The idea of F1 was thought of in 1946, but the first race was not until 1950 at Silverstone. At this time, there were teams such as Alfa Romeo, Ferrari, Mercedes-Benz and Maserati. From day 1, F1 was a dangerous sport and particularly in the early days, many drivers died due to lack of protection, car fires and large crashes.
The 1950’s and 60's saw individuals such as Sir Jackie Stewart, Sir Stirling Moss and Graham Hill starting their racing careers. This particular trio are considered as the legends that many young drivers still look up to today.

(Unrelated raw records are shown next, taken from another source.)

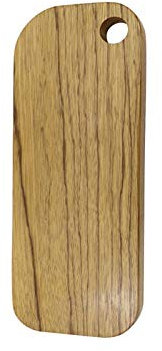 EOTRERANQ Folding Cutting Board Wooden Cutting Board Kitchen Cutting Board Wooden Cake Sushi Board Bread Fruit Pizza Tray Cheese Board Not Easy to Be Greasy, Kitchen Accessories Cutting(M)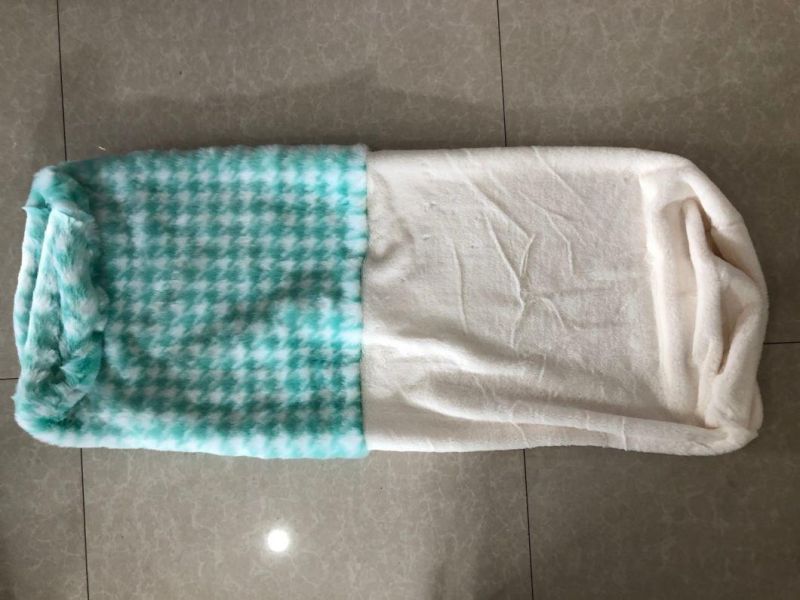 Pet House Pet Products Dog House Dog Products Pet Bed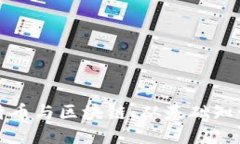 与关键词深入了解比特币与区块链：从基础知识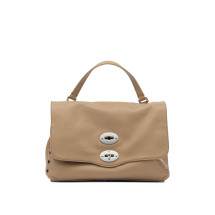 [Zanellato] Bag SS26 POSTINA DAILY S0680100040000Z0294
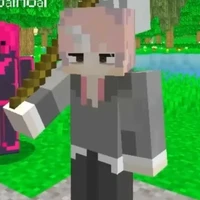 𝐇𝐢𝐡𝐚 𝐁𝐍𝐇𝐀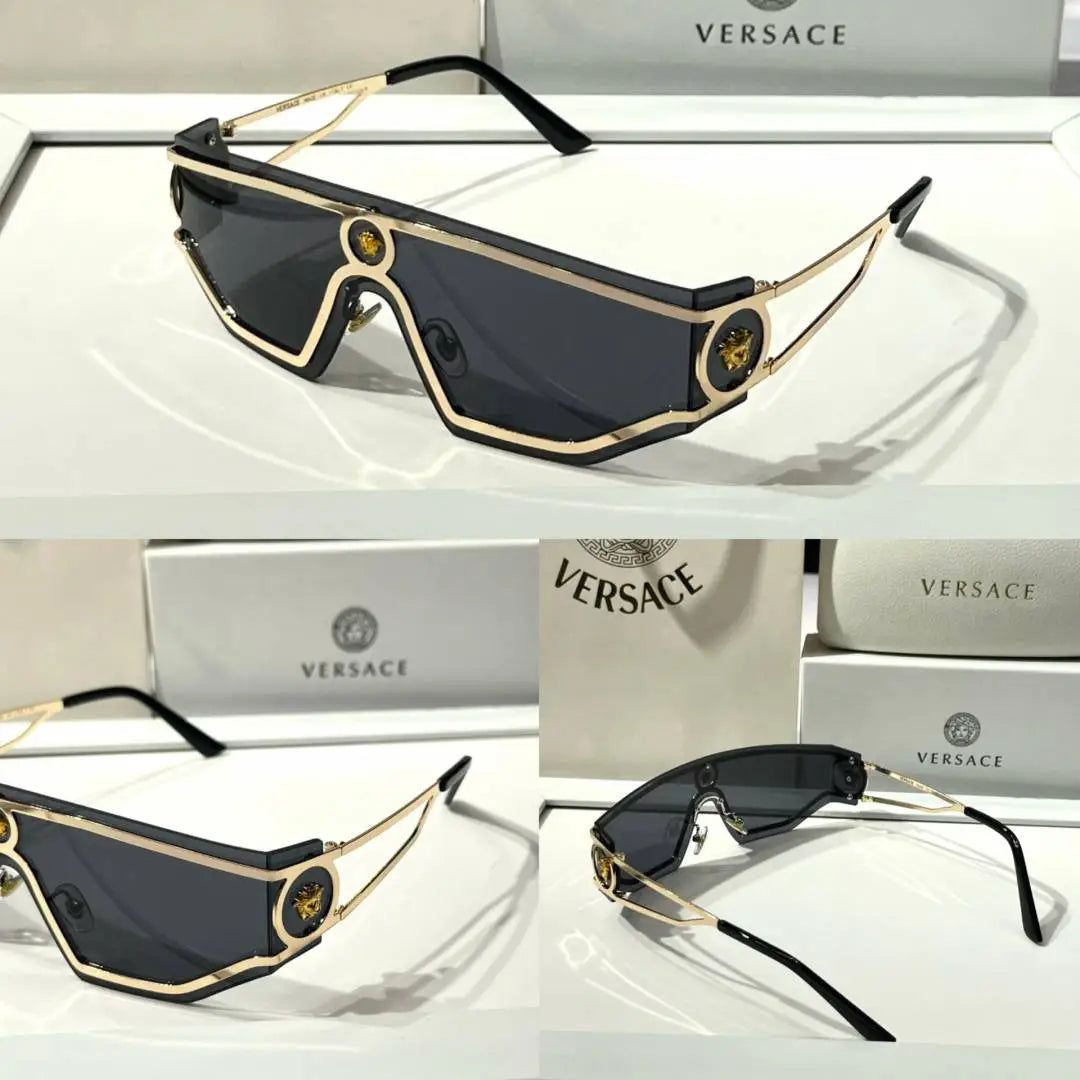 _Versace_508_black_gold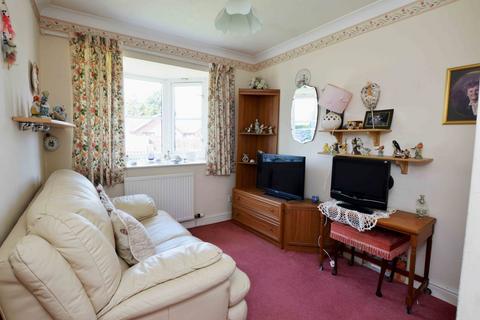 Lynton Ash Lane, Down Hatherley, Gloucester, GL2 9PS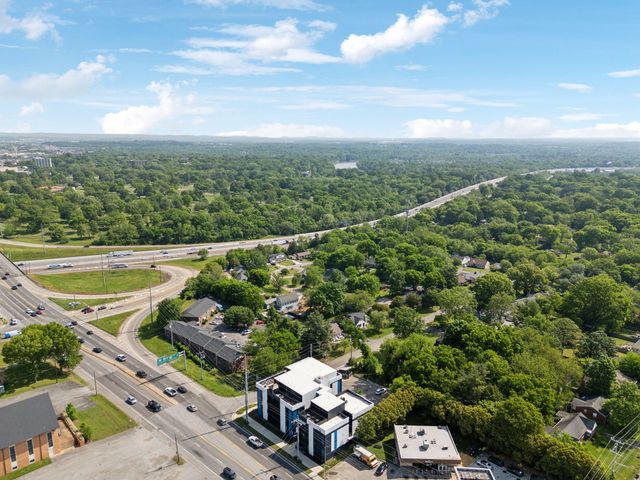 4810 Gallatin Pike Apt 105, Nashville, TN 37216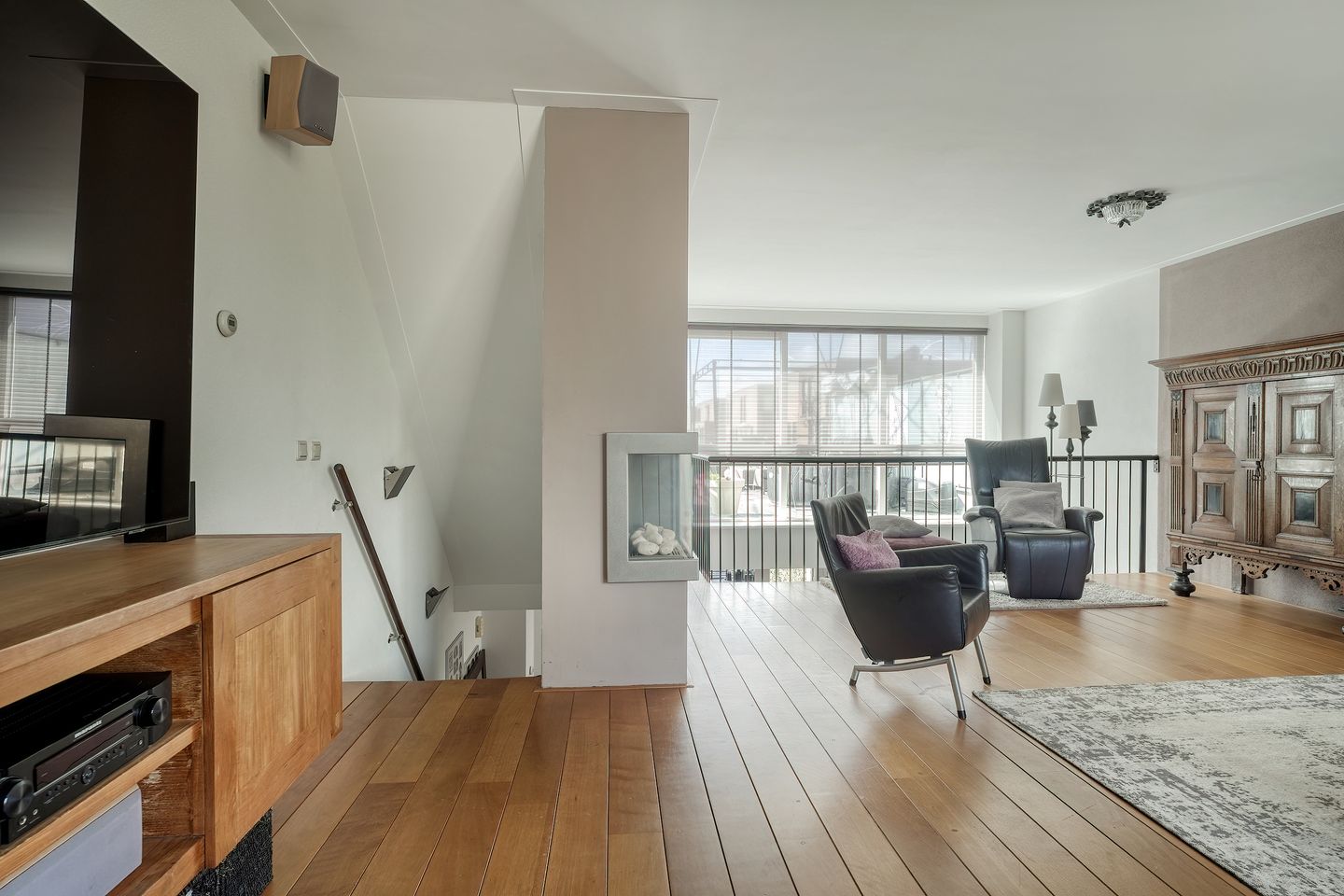 Foto 19 van Herfstpark 30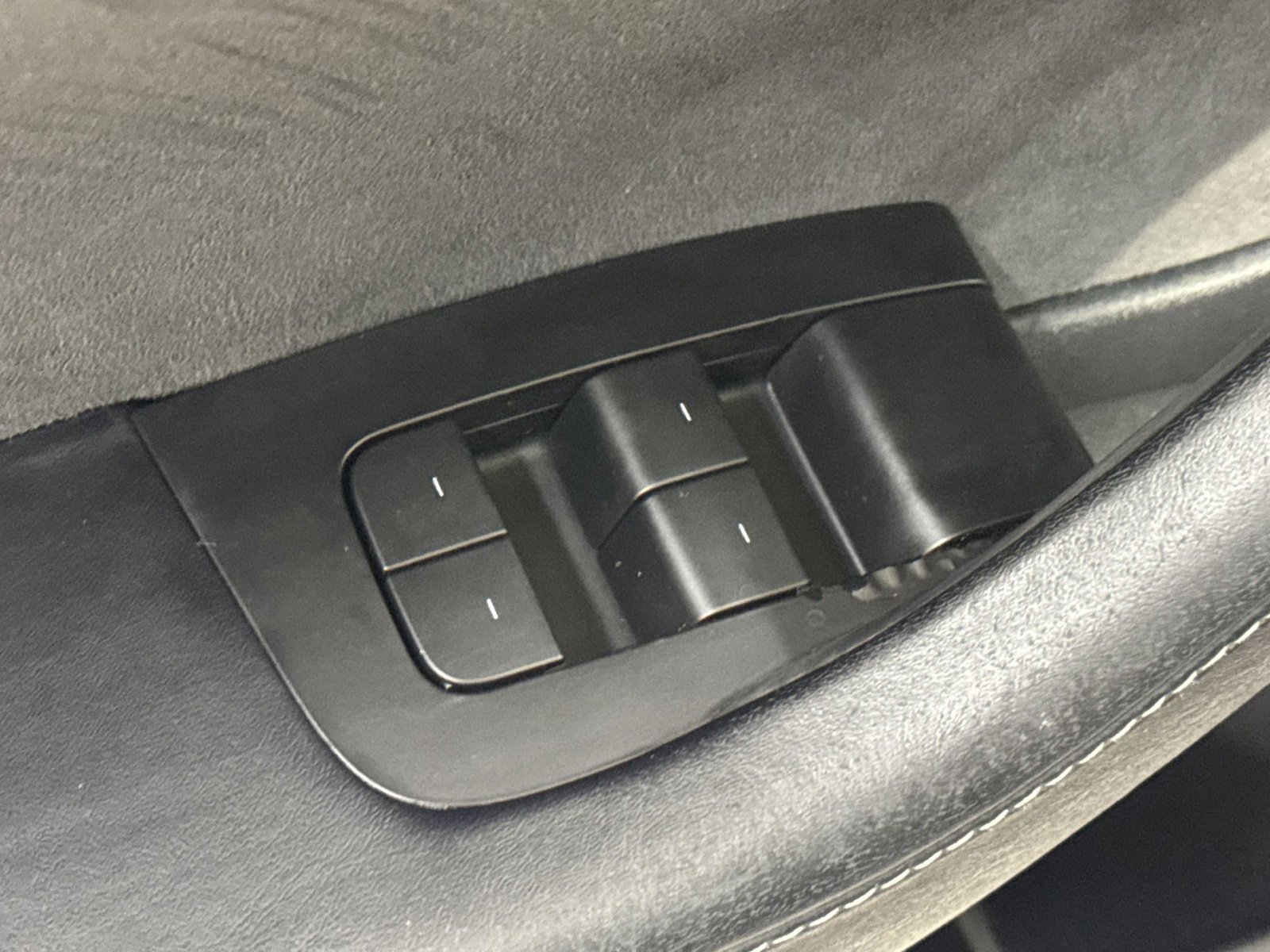 Used 2021 Tesla Model 3 Long Range image 18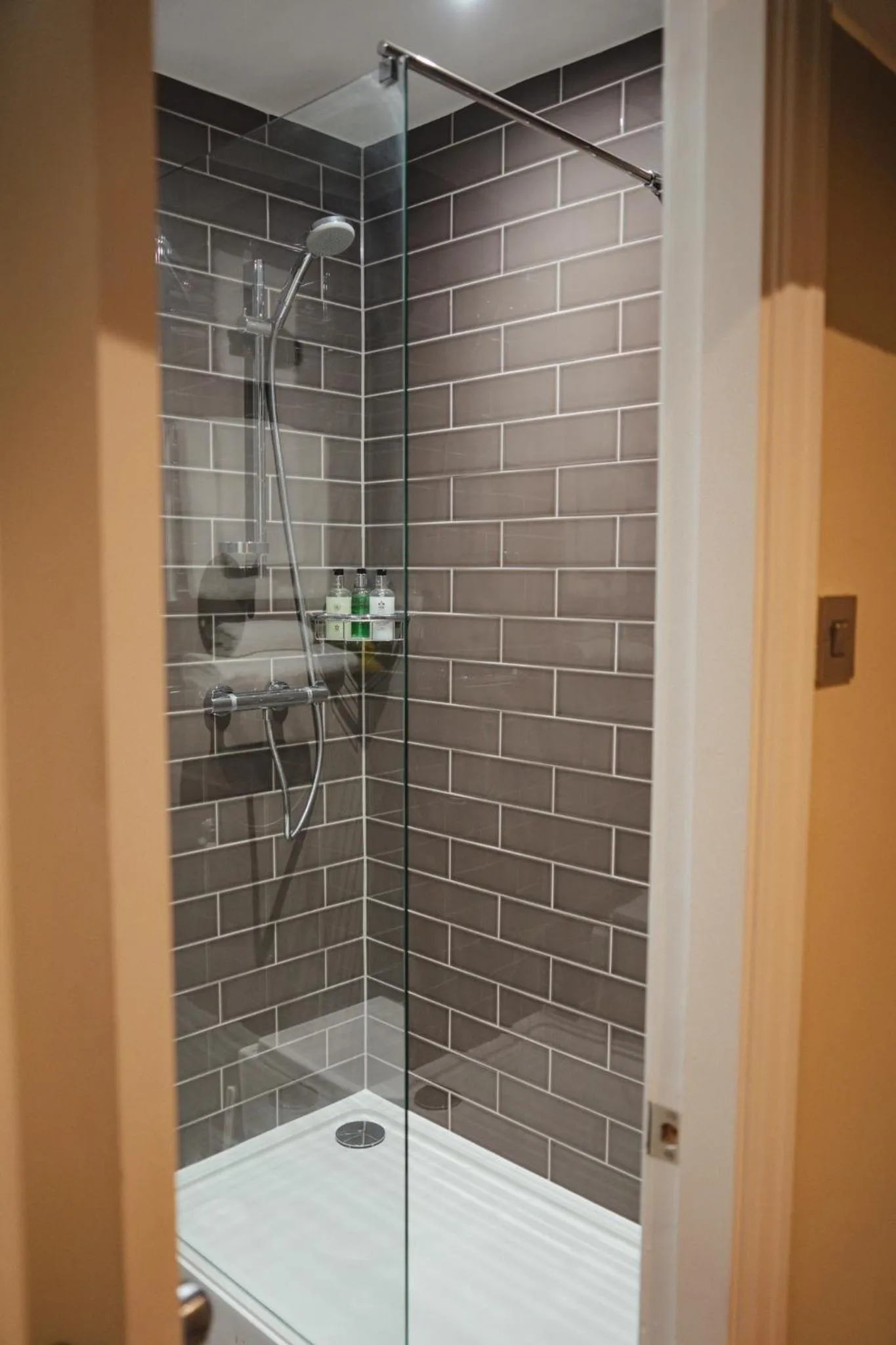 The Golden Fleece Hotel, Thirsk, North Yorkshire - The Coaching Inn Group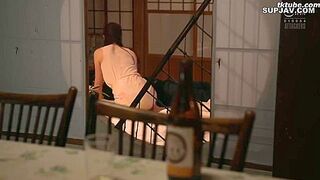 Lonely Sexless Stepsister In Law A5t5i7d 557 Gorgeous Hairypussy Creampied Cumslut Miu Shiramine Aka Miu Shiromine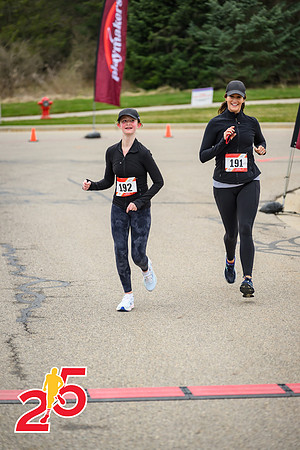 25RFTH-5k-461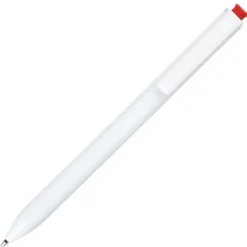 Celina Pen - White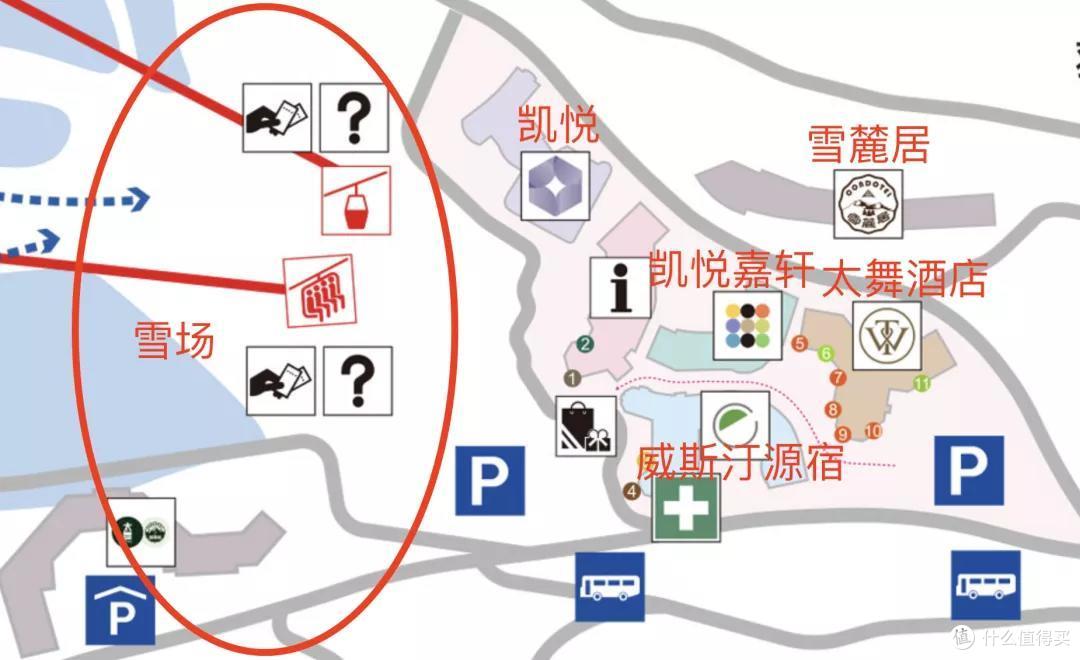 今年冬天怎么玩?最全滑(玩)雪攻略来了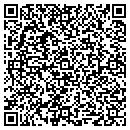 QR code with Dream House Financial LLC contacts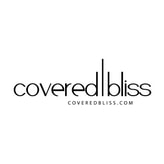 Covered Bliss coupon codes
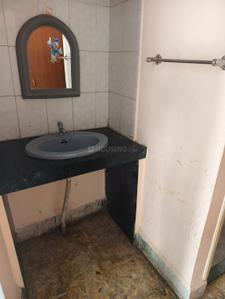Image of 582 Sq.ft 1 BHK Apartment / Flat for rent in Purple Panchavati, Yashwantrao Chavan Nagar, Pune for Rs. 14000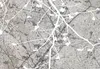 Vlies Fototapete Abstrakt 300x210 cm Tapeten Wandtapete XXL Produktbild-Vorschau 4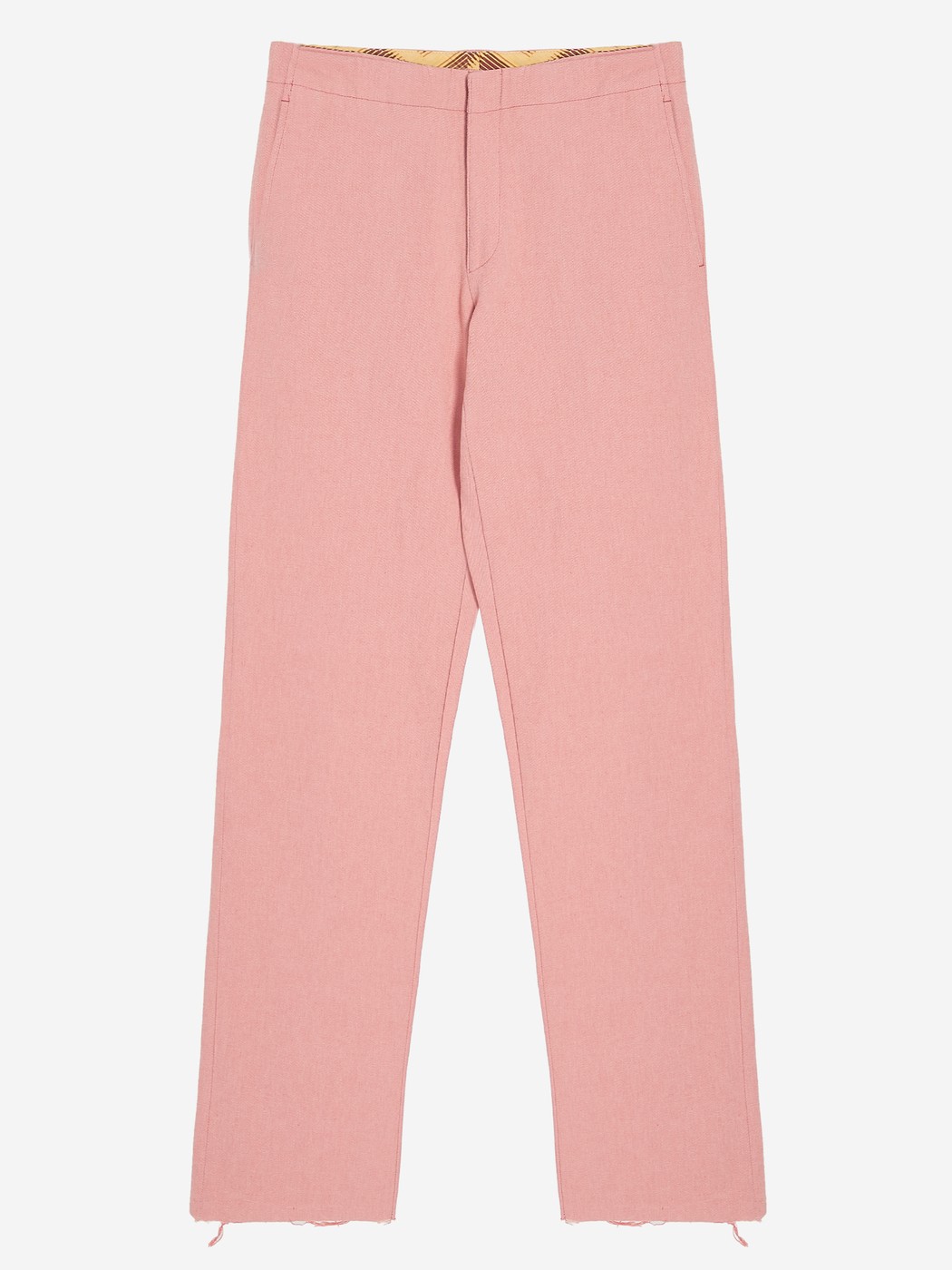 【関税&送料込み】Fendi Carrot Fit Pants 楽天市場】ズボン・パンツ(ブランドフェンディ)(メンズ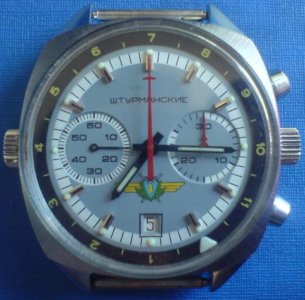 Screen Shot 2013-05-11 at 3.53.52 AM.jpg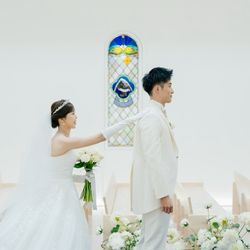 アニヴェルセル 表参道の写真29枚目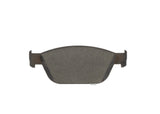 Bosch Quietcast Brake Pads - VW/Audi BP1546-BOS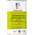 Nikolaos & Dimitrios Family Corporation Extra virgin Olive Oil Natives Olivenöl Extra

In the 1970's Bernie Eccelstone arrived on the scene transforming F1 into a billion-dollar business. Bernie bought the Brabham team and received a seat on the Formula One Constructers Association (FOCA), which he would eventually develop into Formula One Management, the company that currently owns and maintains the sport. This century was also famous for the infamous duel in 1976 between Austria’s Niki Lauda and Britain’s James Hunt. Lauda almost died in an 800 degree inferno at Nurburgring whilst trying to beat Hunt. Despite his efforts, Hunt won the championship by just 1 point.
The 80’s and 90’s were two of the most popular centuries of F1 and will forever remembered for the intense rivalry between Brazil’s Ayrton Senna and France’s Alain Prost. The competitive duo were teammates at McLaren-Honda for 5 years, sending Team Principal Ron Dennis to breaking point as he attempted to be the mediator. In January 1994, Senna moved to Williams and only completed 2 race weekends before being killed in a high impact crash at Tamburello Curve during the San Marino Grand Prix. Despite their bitter rivalry, Prost was first to show his respects to his old teammate, both immediately after the incident and at Senna’s funeral.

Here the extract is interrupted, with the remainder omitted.